Despite outspoken protests on the Internet for Time Warner (NYSE: TWX ) to offer a stand-alone HBO service, the parent company has been hesitant to break ties with the cable industry and go over the top. With the news that Apple (NASDAQ: AAPL ) is in talks with Comcast (NASDAQ: CMCSA ) to provide a live TV streaming service, Apple could provide a new avenue for HBO to reach viewers.
An over-the-top HBO service could help the company compete against Netflix (NASDAQ: NFLX ) and negate the effect of cord cutters. Before Netflix investors go running for the hills, however, let’s explore if Apple is the company that can make such a dream a reality.
HBO is ready to go
HBO Chief Executive Richard Plepler made comments earlier this month that the premium channel is willing to offer a stand-alone service as soon as the numbers make sense. Presently, however, there are less than 10 million broadband-only households in the U.S. Comparatively, there are roughly 100 million pay-TV households.
Moreover, competition with Netflix is almost a non-issue for the company. Plepler noted that HBO does well in homes that subscribe to Netflix and vice versa. While Netflix is often seen as the scourge of cable companies, it’s often complementary to most cable packages — not a replacement.
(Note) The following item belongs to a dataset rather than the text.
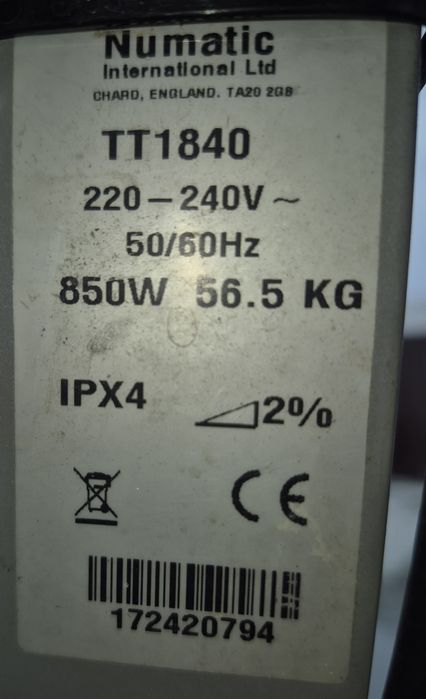 Masina spalat pardoseli Numatic TT 1840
HBO relies on cable operators to market its product and provide customer service. This allows it to focus on making great content. A stand-alone service may require it to invest in sales and marketing, customer support, and additional infrastructure to ensure service.
Netflix spent about 20% of revenue in 2013 on marketing and technology and development. To go it alone, HBO’s expenses would surely rise to a comparable level, considering the similar size, reach, and business of the companies.